HOW TO COMPLETE THIS TASK = Beginning with the line that holds "Stylish Women's Micro" and ending with the last line, please repeat the entries exactly and omit the pictures.

Records from a data collection:
=== Begin Enclosure ===

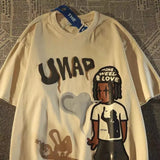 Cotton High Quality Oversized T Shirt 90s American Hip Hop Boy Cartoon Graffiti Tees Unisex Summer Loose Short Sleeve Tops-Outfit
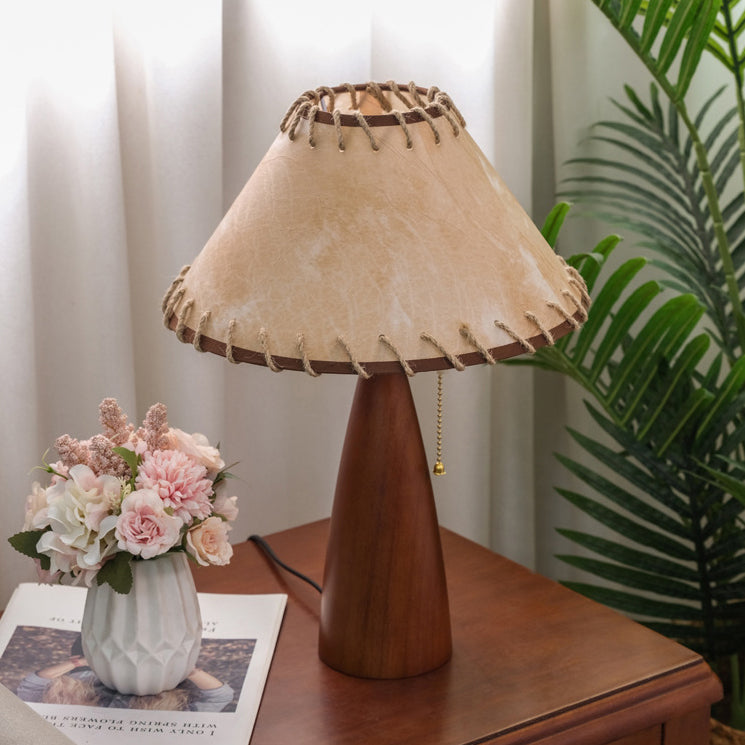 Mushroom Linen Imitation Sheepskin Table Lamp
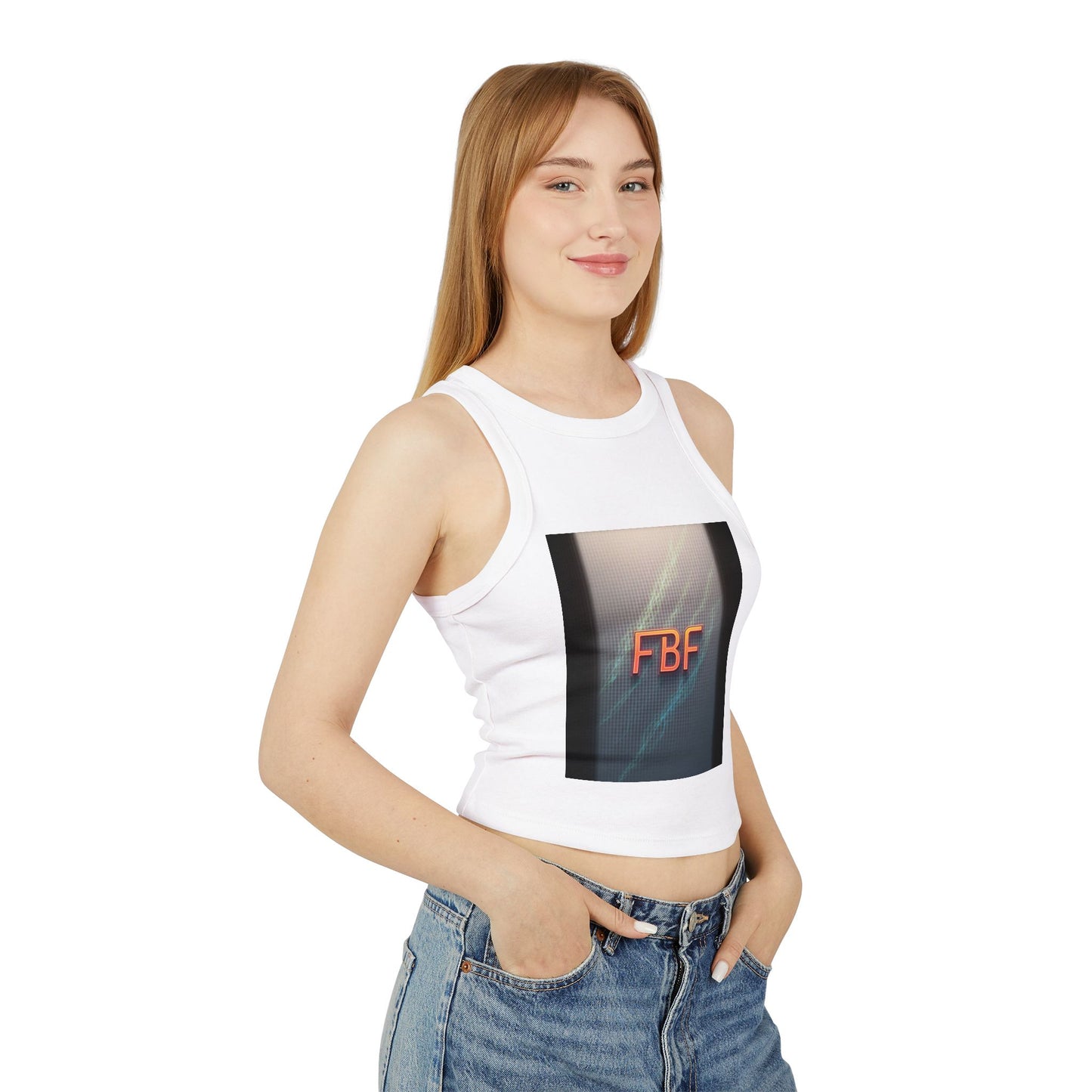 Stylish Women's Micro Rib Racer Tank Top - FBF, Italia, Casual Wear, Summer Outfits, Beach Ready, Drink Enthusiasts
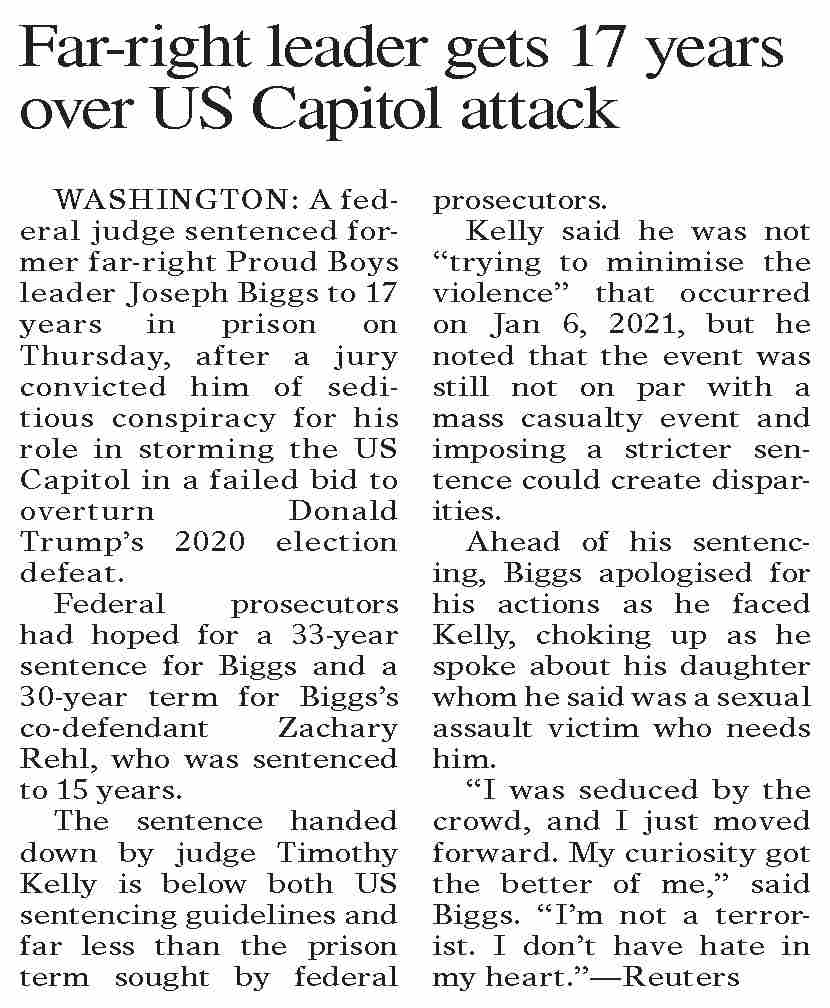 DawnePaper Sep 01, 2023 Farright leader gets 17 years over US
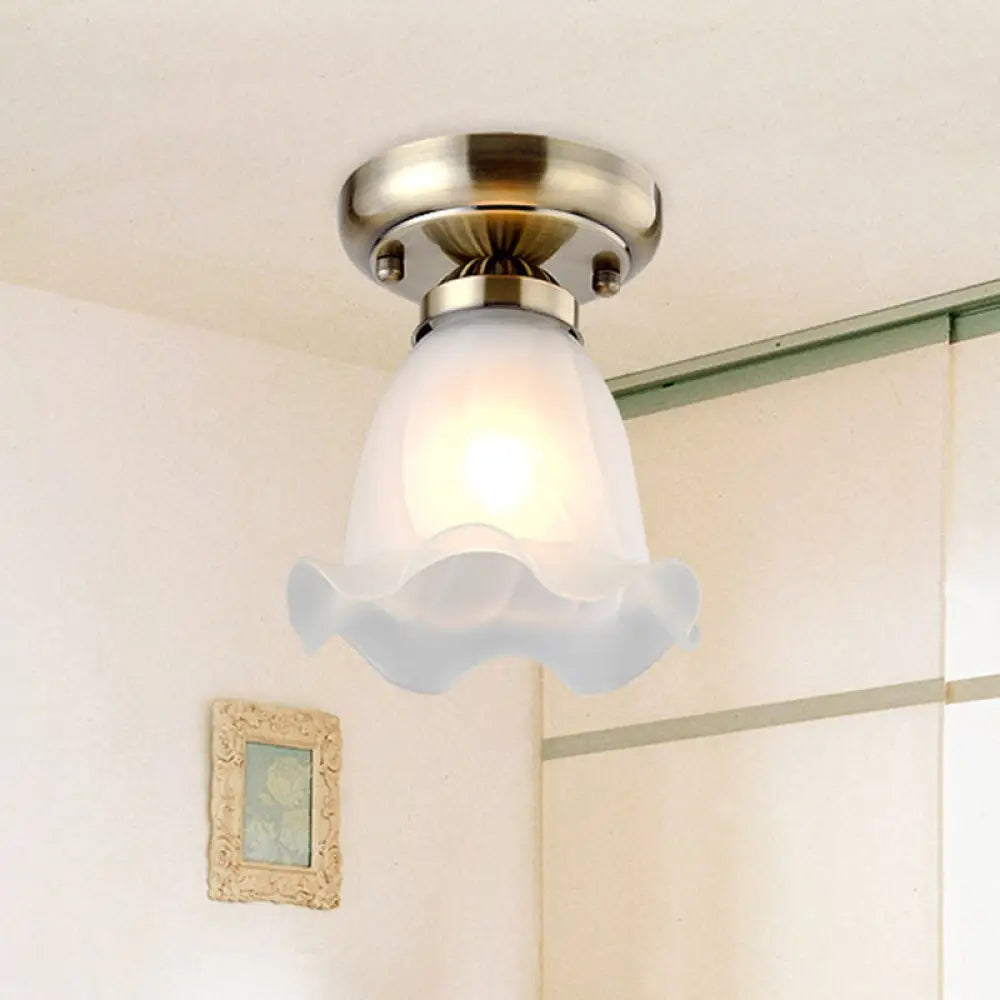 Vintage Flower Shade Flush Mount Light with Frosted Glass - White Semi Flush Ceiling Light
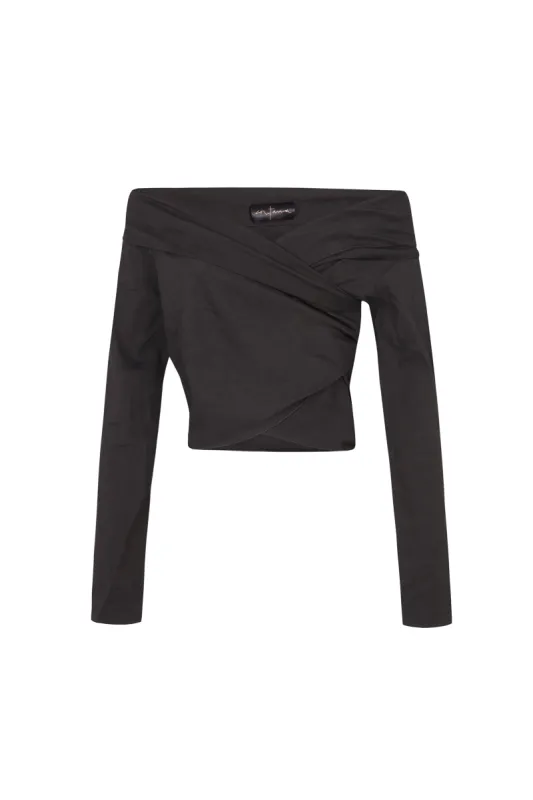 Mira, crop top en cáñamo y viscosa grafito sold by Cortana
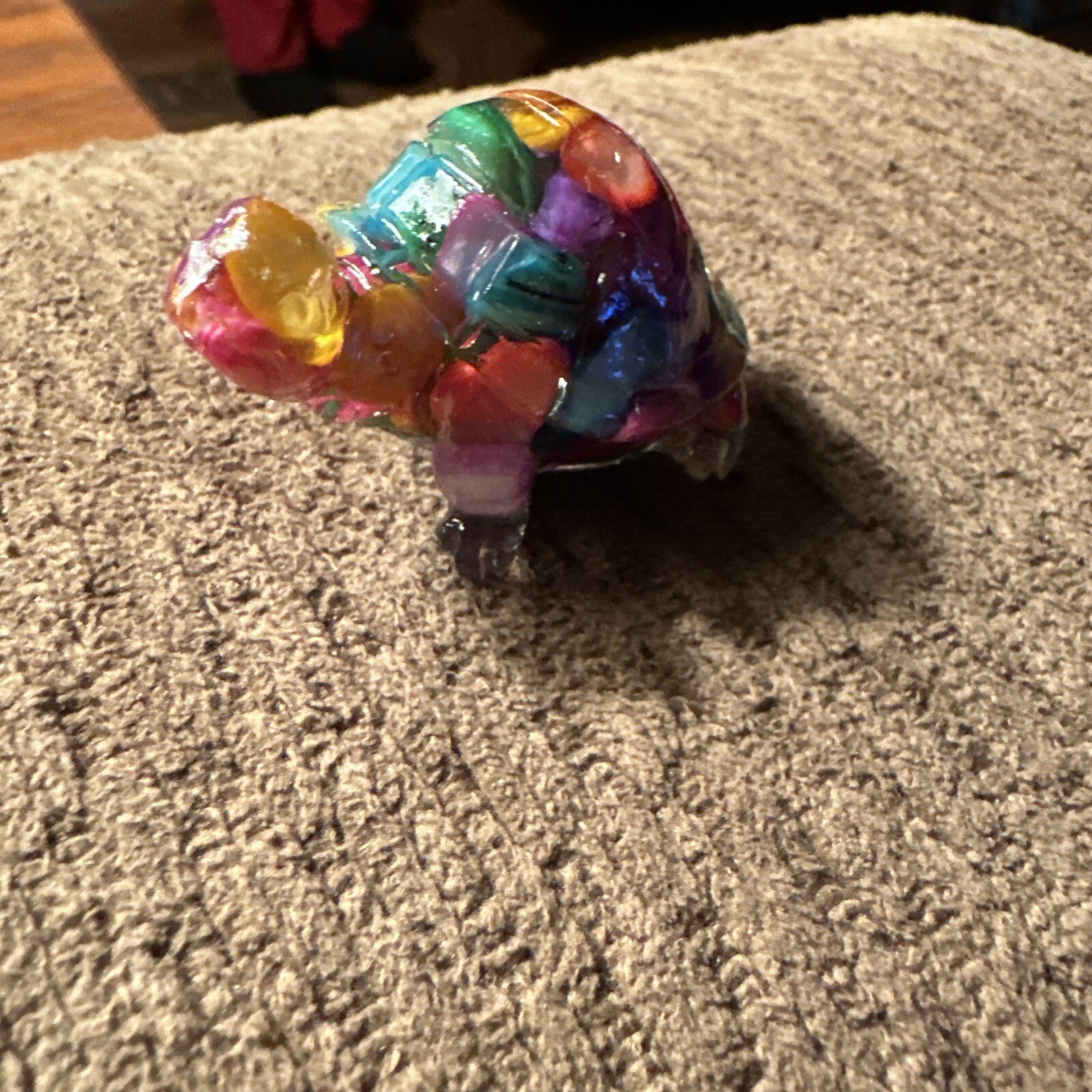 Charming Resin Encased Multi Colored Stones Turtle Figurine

=== End Enclosure ===

SOLUTION =
 Stylish Women's Micro Rib Racer Tank Top - FBF, Italia, Casual Wear, Summer Outfits, Beach Ready, Drink Enthusiasts
 DawnePaper Sep 01, 2023 Farright leader gets 17 years over US
 Vintage Flower Shade Flush Mount Light with Frosted Glass - White Semi Flush Ceiling Light
 Mira, crop top en cáñamo y viscosa grafito sold by Cortana
 Charming Resin Encased Multi Colored Stones Turtle Figurine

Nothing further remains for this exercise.